第九話
うさぎの感度の良すぎる耳には、部屋の音がよく聞こえます。
さっきまで温かかった部屋の音は、鍵を閉める音が聞こえた瞬間に冷たく冷めた音になりました。
しーんとしたしじまの音。
その音から逃れたいばかりにアキくんは耳を前足で塞ぎましたが、耳の奥までその音は忍び込んできます。
バスタオルを頭からかぶっても、音はアキくんを悩ませました。
だんだんと音に追い詰められたアキくんは、部屋の片隅でじっとしていることにしました。
そうすることで音など聞こえなくなるんだと、まるで自分に言い聞かしているようでした。
どのくらい部屋の片隅でじっとしていたでしょう。
ふと顔をあげると、薄いカーテンのの向こう側に影を見つけました。
ゆらゆらとカーテンと一緒に動く、海松茶色のような薄暗い色。
ふうわりと大きくなったかと思うと急にしぼみ、また大きくなる影に、アキくんはびくつきました。

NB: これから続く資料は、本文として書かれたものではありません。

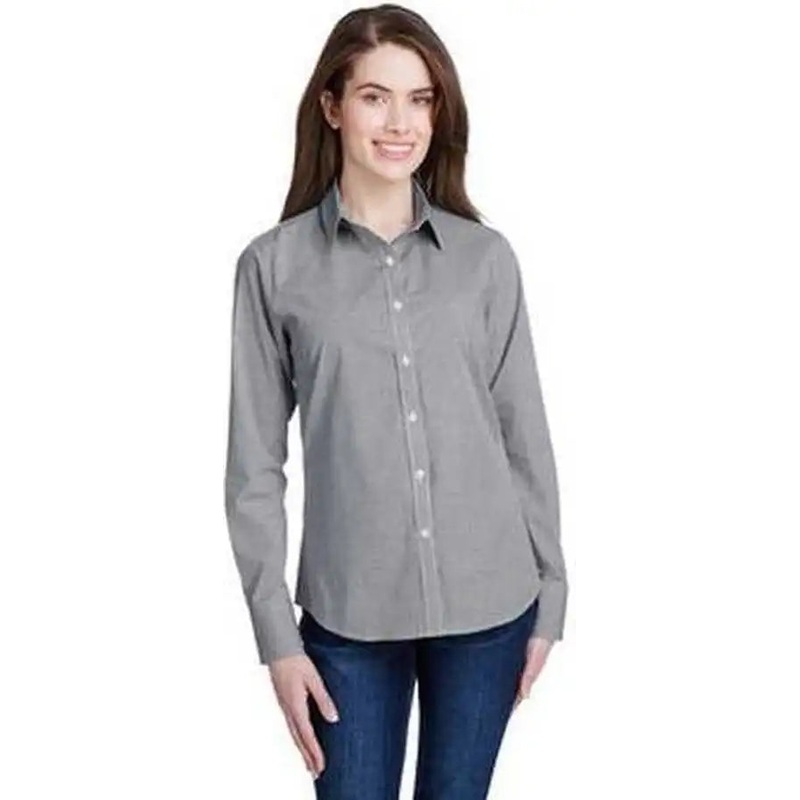 Artisan Collection by Reprime RP320 Ladies’ Microcheck Gingham Long-Sleeve Cotton Shirt – Black White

けれどその恐ろしい影はしじまの音を何処かへやってくれましたのでアキくんは少しだけ安心してしまい、その影にお礼が言いたいくらいになりました。
そこで無謀にも影に近づいたのです。
みゃう
カーテンの向こうにいたのは、大きな大きな黒い猫でした。
人間であったときなら、猫なんてこれっぽっちも怖くなかったアキくんでしたが、うさぎになった今では、猫は強大で凶暴な捕獲者なのです。恐ろしい化け物になっていました。
その化け物が、ガラス戸の向こうでアキくんをじっと見つめていました。
おいしい餌を見つけたとばかりに舌なめずりをしているように思えました。
怖い
ガラス戸があるかぎり、黒猫は部屋にははいってこれません。
それなのにアキくんはだだだだっと逃げ出しました。
そうしないと食べられてしまうと本能で思ってしまったのです。
人間のはずのアキくんが、猫をみて本能で逃げるというのはおかしな話だと思いますが、人間だって自分よりも身体の大きな動物を見たら恐怖で固まるか逃げ出してしまうでしょう?それと同じことなのです。

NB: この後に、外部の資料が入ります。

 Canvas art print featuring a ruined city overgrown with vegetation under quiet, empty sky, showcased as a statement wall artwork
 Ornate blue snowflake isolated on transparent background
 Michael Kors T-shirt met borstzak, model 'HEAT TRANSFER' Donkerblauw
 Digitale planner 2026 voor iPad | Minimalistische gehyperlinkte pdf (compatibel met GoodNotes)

このときになってやっとアキくんは朝出かけるときに柚里が言っていた言葉の意味がわかったのです。
『うさぎの姿で一人で外に行くなんて、のら猫に殺られるってことがどうしてわからないんでしょうかねえ??』
そうです。アキくんはわかっていませんでした。
だって、うさぎになって国を出されてから雨の中で柚里に会うまでに動物に会わなかったのです。
ですから自分が人間と同じ感覚のままで外で歩いていたのです。
ガラス越しでもこんなに怖いのに、実際外で出会ったらどんなに恐ろしいことでしょう。
こわごわとガラスの向こうを覗いたら、いつの間にか黒猫はいなくなっていました。
そのことに心底ほっとしたアキくんでしたが、しばらくカーテンの近くに行くのはやめようと思いました。

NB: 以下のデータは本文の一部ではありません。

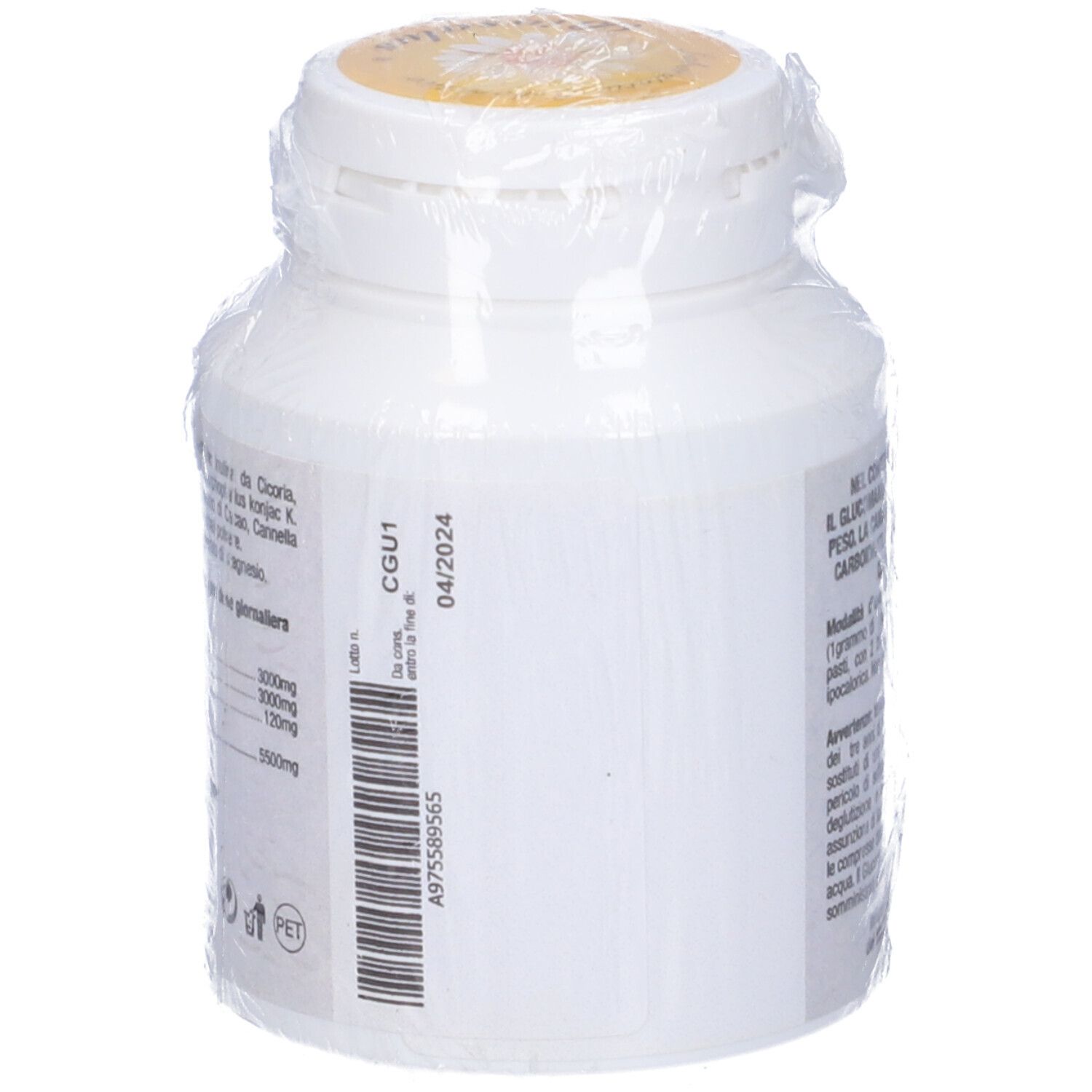 Flacone bianco con testo e codice a barre, in confezione di plastica. Visibile anche un'etichetta gialla.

人間やったら猫なんて怖くもなんともないのに、うさぎの俺にはなんて恐ろしい生きものに見えるんやろう
立場が違うとこんなに捉え方が違うなんて思ってもみぃひんかったわ……
そしてアキくんは、自分の立ち位置だけじゃなくてその人の立場にならないと物事を理解することがむずかしいんだということが分かったのでした。
ちりーん♪
魔法の鈴の音が聞こえました。
こんな当たり前のことでも鈴の音が聞こえるなんて
俺ってどんなに何も知らないあほやったんや?
魔法の鈴は、アキくんが成長した証の音。
今まではその音を聞くと早く人間に戻れると単純に喜ぶだけだったのですが、今日のアキくんは違いました。
朝の柚里の言葉のせいかもしれません。
自分がいかになにも知らない、知ろうともしない王子だったのか、ちょっとだけ理解したからかもしれません。
成長の証の鈴の音。
これから人間に戻るまでにどれだけの鈴の音を聞かないといけないのかと思うと、自分の情けなさにがっくりきてしまったアキくんでした。